And despite that, they didn't use the time in 2021 to do all the preparations that they would need to do this successfully, that Gerasimov wrote about, that he knows very well the things you have to do to bring an invasion force like this online, didn't do it. They only started that when they declared mobilization, which is insane. It's just so many questions. I hope someone's keeping the receipts over there. One day we'll see the receipts of everything that went down.
Michael Kofman: No, I'm sure that the main challenge though we're going to have is if this doesn't all come out via the Mill Blog or channels and these other places they set up where people can vent what they know happened and the rumors, I think this time it'll lot come out a lot faster. The thing that always worries me is that we'll have the sort of Stalin death effect where none of the generals will be able to say what really happens as long as Putin's alive and in charge, and only after his death will we begin to see the writing about what really happened and who did what.
I'm thinking this time around, it's going to come around much faster because Putin's regime is not Stalin's regime, but this is just kind of remembering and reflecting that after World War II, a lot of Soviet generals couldn't write critically about what really happened and why as long as Stalin was alive. That was just the reality. After his death, you saw a real change in the tenor of the history, but if we could turn a bit to maybe current events, so there's a theory out there that I've heard, I find it quite comical. Let's discuss it, that the Kremlin would've struck itself twice with a drone before the Victory Day parade. Dara, what do you think about this?

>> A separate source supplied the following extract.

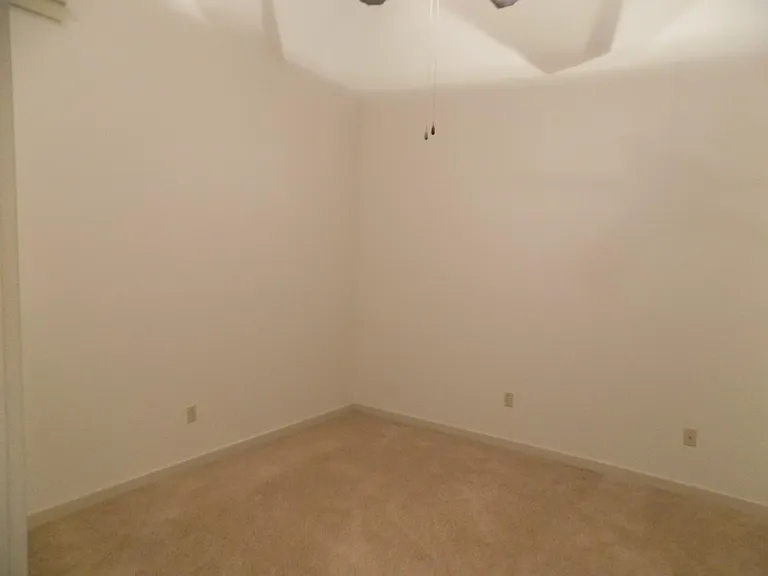 The Brandeis Apartments — Photo 30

Dara Massicot: So, let's go on a false flag journey, when the Russians are doing false flag operations. If we go back to the run-up to the invasion, there were a series of very sloppy attempts to justify this. And when I say sloppy, I mean showing footage of a "Ukrainian terrorist attack", using footage from a TV show and mannequins or another case where they were showing, I think a car bomb or something like that, but they were using cadavers that had visible signs of being autopsied, like an autopsy cadaver. It was just really sloppy mistakes, and this did not bear any of those signs of that. Back to your original question, there are false flags that I believe the Russians would do, but penetrating the mystique of the impenetrable Moscow air defense? No, I don't think that's one and penetrating the mystique that somehow you can get to Putin and where he works?
I just don't think that those two things are the things that they would choose to do. Final point on that, if it was a false flag, we would have seen the media apparatus snap into place, there would be speeches lined up, Putin addresses the nation, yada, yada yada, as Seinfeld would say, but we didn't see any of that. It's been drone strikes on Ukraine, it's been missile strikes pretty much every night since then, but they haven't addressed it. And I think Dmitry Patrushev had a really good point. It took them 12 hours from the time it was hit until they came out with a press statement. That's a really long time when your capital has been hit and exploded. What do you think, Mike?
Michael Kofman: It's almost as though they didn't do it, and that theory makes no sense.
Dara Massicot: Well, we have seen over the years what the Russians look like when they're truly shocked by an incident. I would say when Wagner forces were engaged kinetically in Syria by the United States.
Michael Kofman: The fiasco by Deir ez-Zor in back end.
Dara Massicot: By Deir ez-Zor.
Michael Kofman: I think it was February 2018.
Dara Massicot: Yes, when Wagner found out. Wagner messed around and they found out and the Kremlin didn't know what to do about it, and they were kind of stunned into silence for quite some time. It's been my experience when they encounter these kind of unexpected events, it takes them a while to come up with what to say, and I don't see any of the hallmarks that they would capitalize on this and use it to promote some kind of huge escalation. They can escalate whenever they want and they have escalated whenever they want. What do you think?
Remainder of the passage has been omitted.